Scraped caption text data:
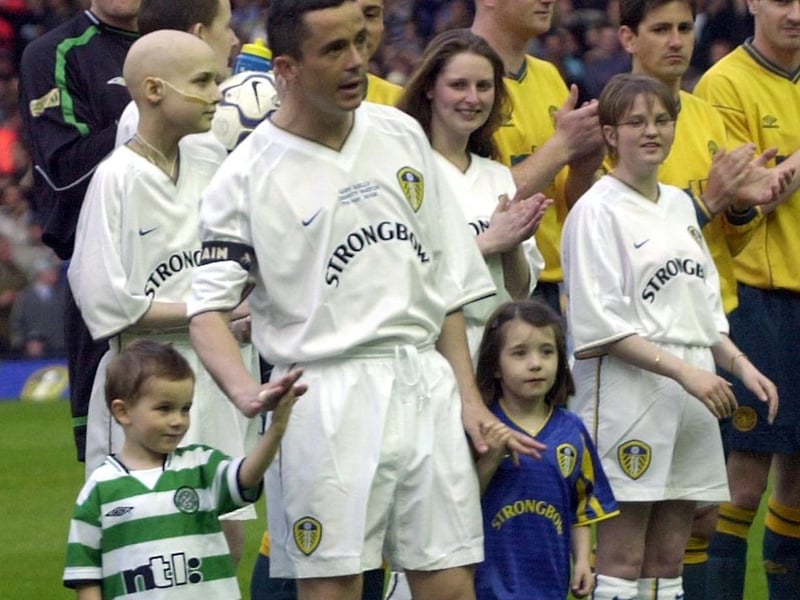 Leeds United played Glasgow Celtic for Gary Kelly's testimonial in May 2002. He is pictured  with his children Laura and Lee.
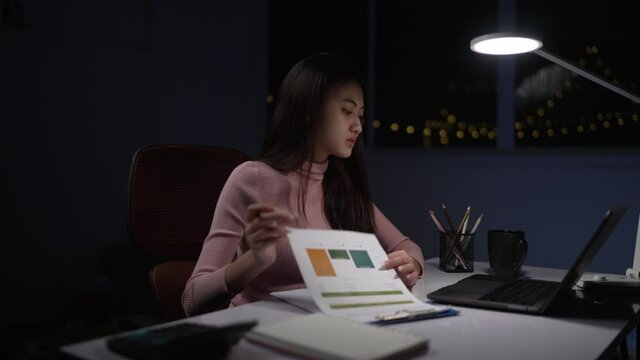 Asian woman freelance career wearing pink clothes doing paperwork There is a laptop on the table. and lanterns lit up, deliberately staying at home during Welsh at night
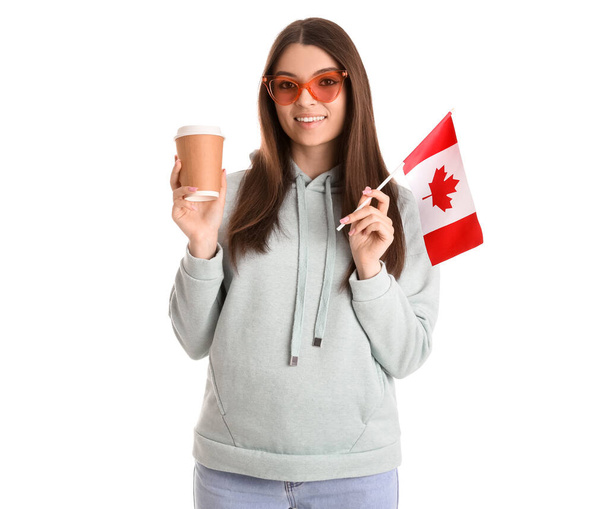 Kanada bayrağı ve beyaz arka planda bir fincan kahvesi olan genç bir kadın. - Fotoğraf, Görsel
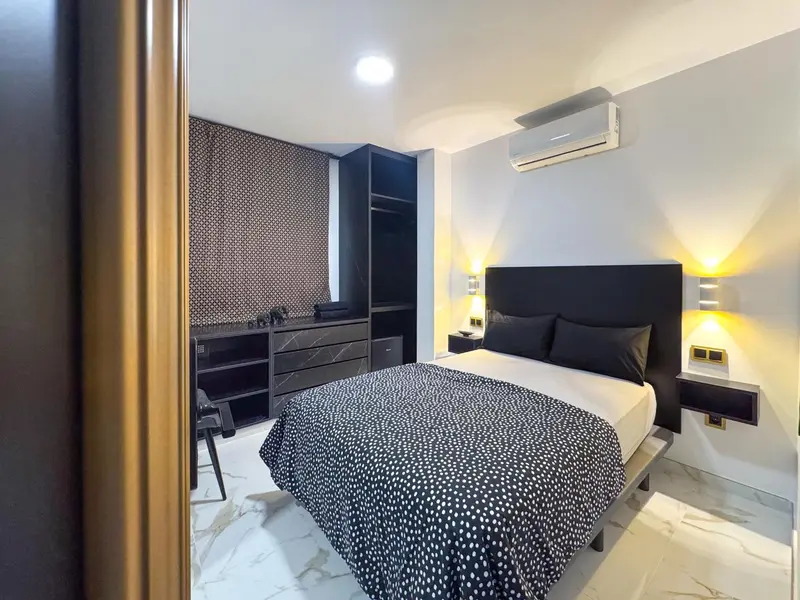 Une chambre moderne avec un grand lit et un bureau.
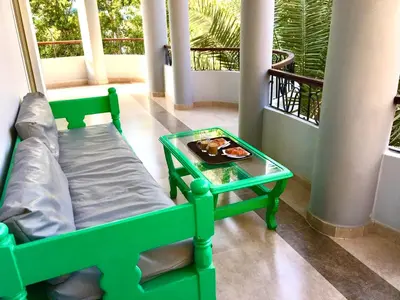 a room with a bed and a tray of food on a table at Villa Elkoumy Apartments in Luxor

### Task to carry out
What you return must match the records line for line, with the pictures left out.

### Solution to the exercise
 Leeds United played Glasgow Celtic for Gary Kelly's testimonial in May 2002. He is pictured  with his children Laura and Lee.
 Asian woman freelance career wearing pink clothes doing paperwork There is a laptop on the table. and lanterns lit up, deliberately staying at home during Welsh at night
 Kanada bayrağı ve beyaz arka planda bir fincan kahvesi olan genç bir kadın. - Fotoğraf, Görsel
 Une chambre moderne avec un grand lit et un bureau.
 a room with a bed and a tray of food on a table at Villa Elkoumy Apartments in Luxor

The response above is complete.